WORK TO COMPLETE: Transcribe exactly, please, the line bearing "Used 2020 Chevrolet" and all later lines through the end of the records, with the pictures left out.

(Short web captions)
....

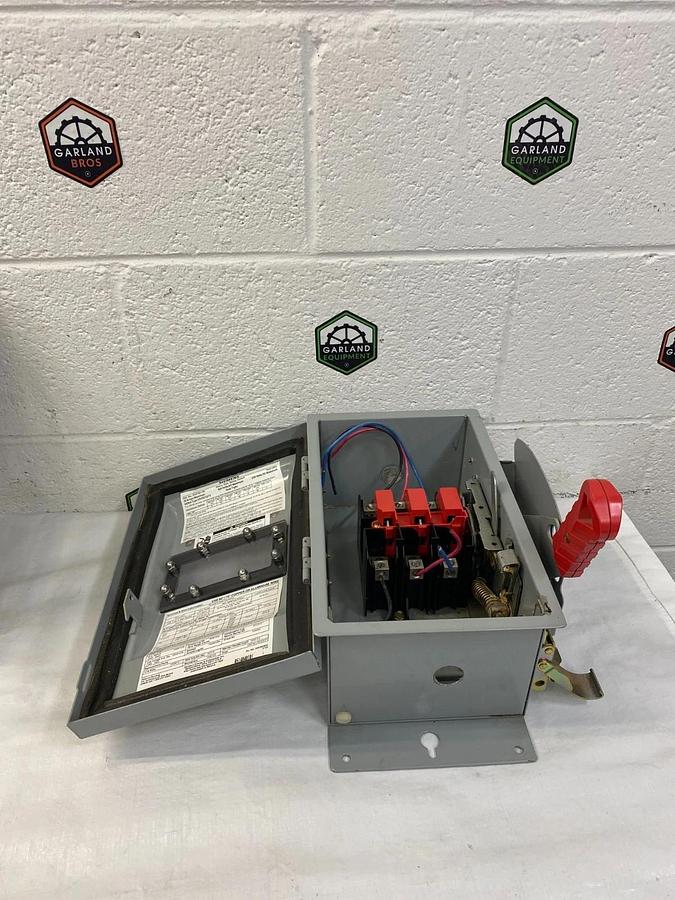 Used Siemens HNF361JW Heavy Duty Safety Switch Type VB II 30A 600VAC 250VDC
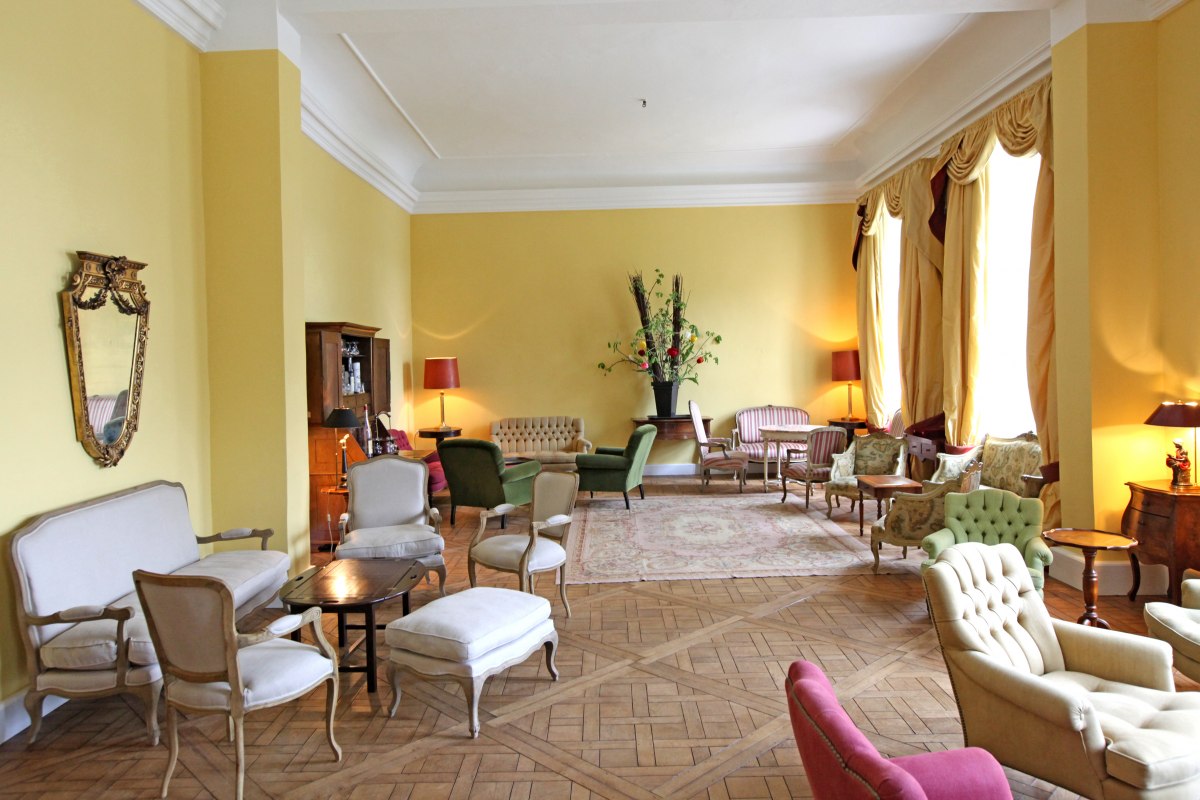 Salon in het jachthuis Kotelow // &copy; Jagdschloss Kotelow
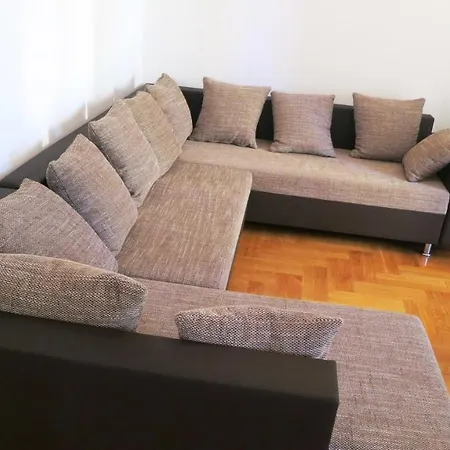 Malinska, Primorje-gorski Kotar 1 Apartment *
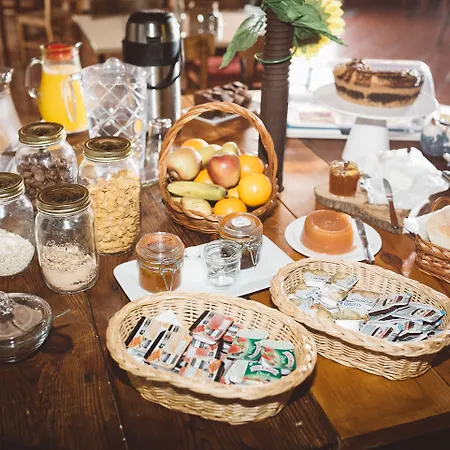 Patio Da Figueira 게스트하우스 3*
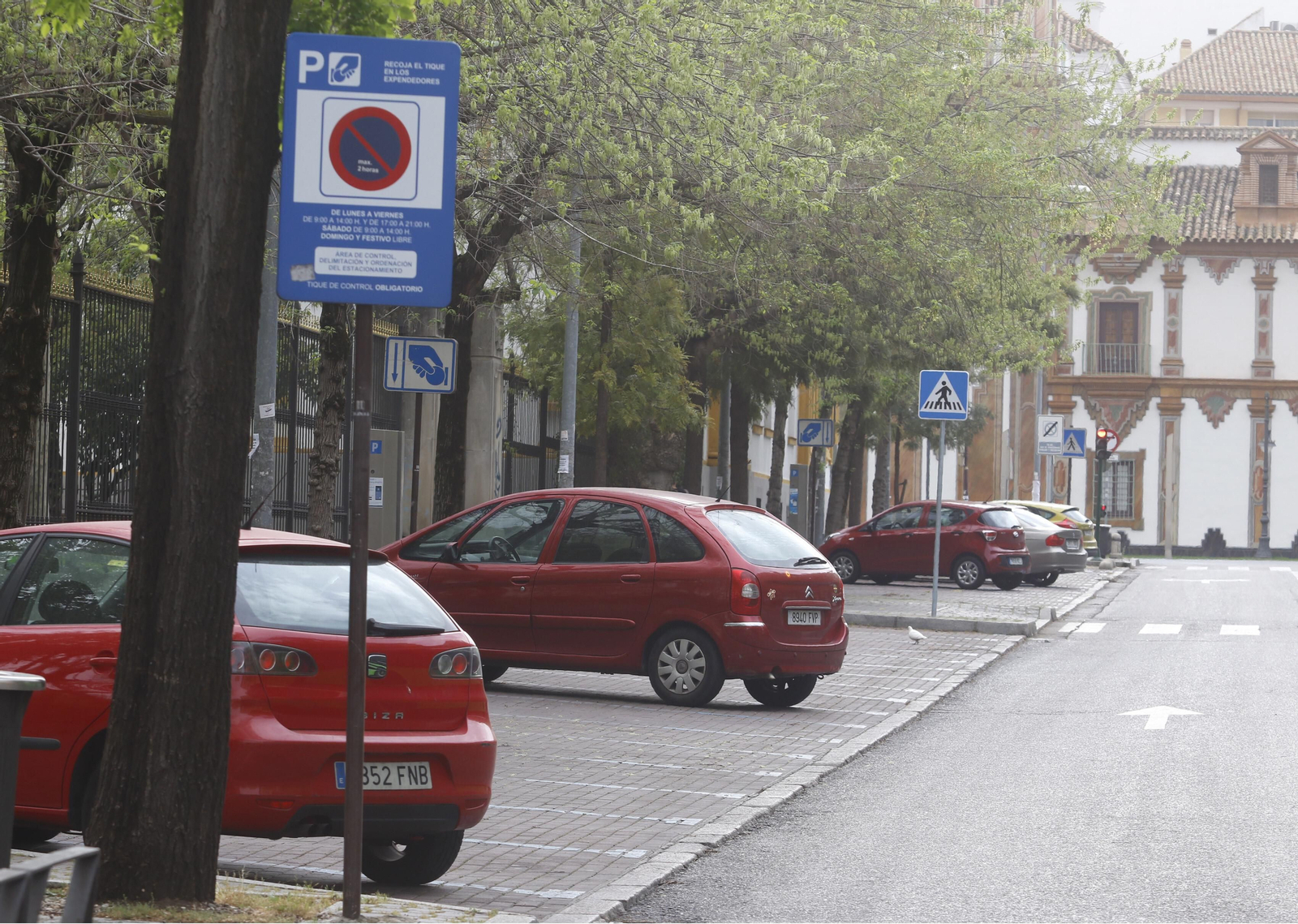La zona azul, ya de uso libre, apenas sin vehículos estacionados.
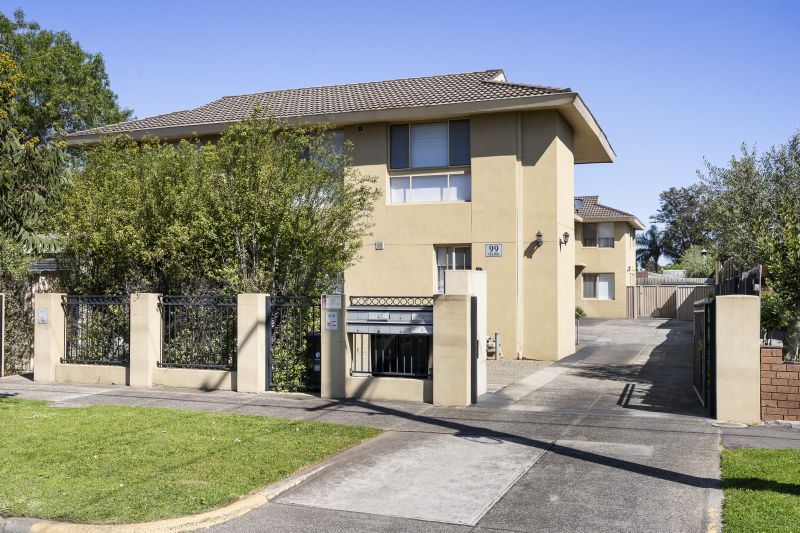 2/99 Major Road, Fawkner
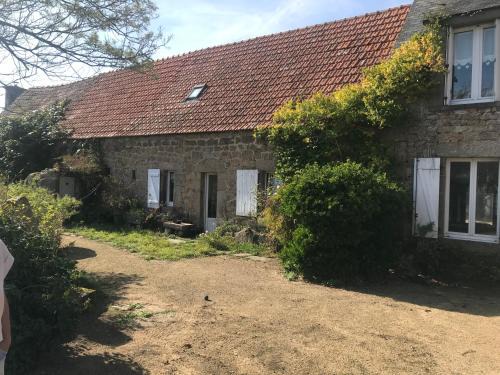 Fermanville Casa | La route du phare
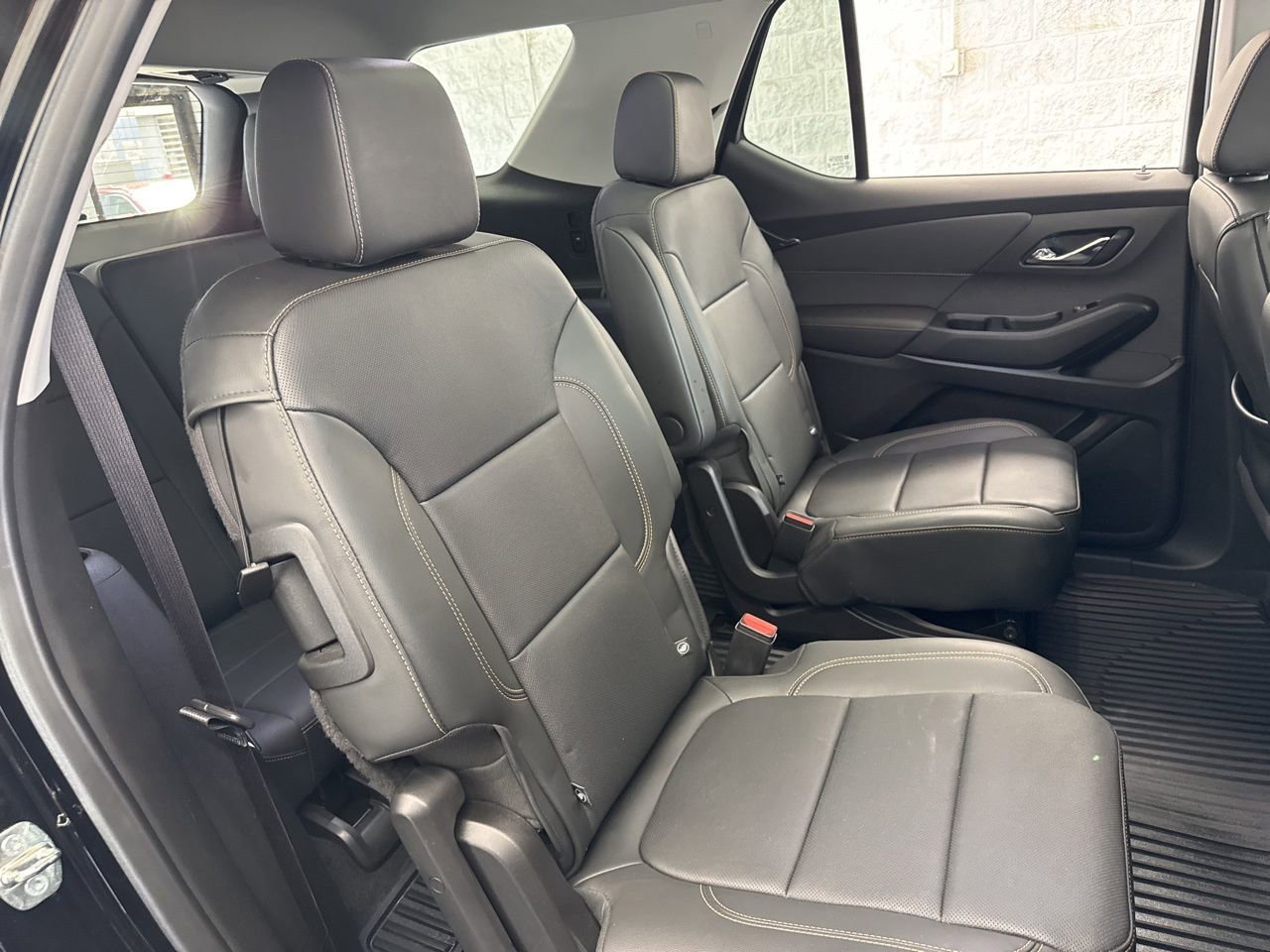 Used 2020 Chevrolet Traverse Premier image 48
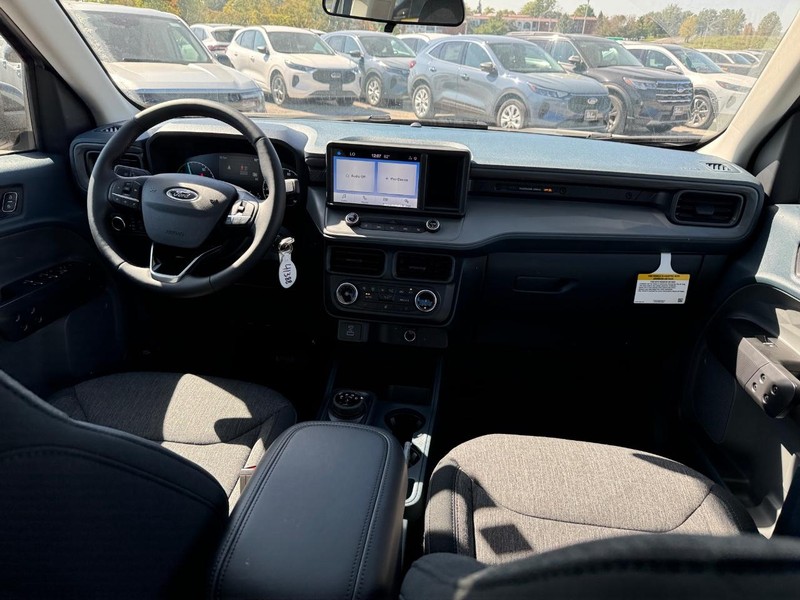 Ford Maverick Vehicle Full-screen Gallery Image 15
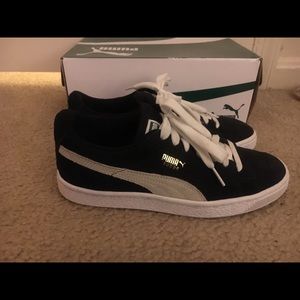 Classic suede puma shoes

....

THE COMPLETED TASK:
 Used 2020 Chevrolet Traverse Premier image 48
 Ford Maverick Vehicle Full-screen Gallery Image 15
 Classic suede puma shoes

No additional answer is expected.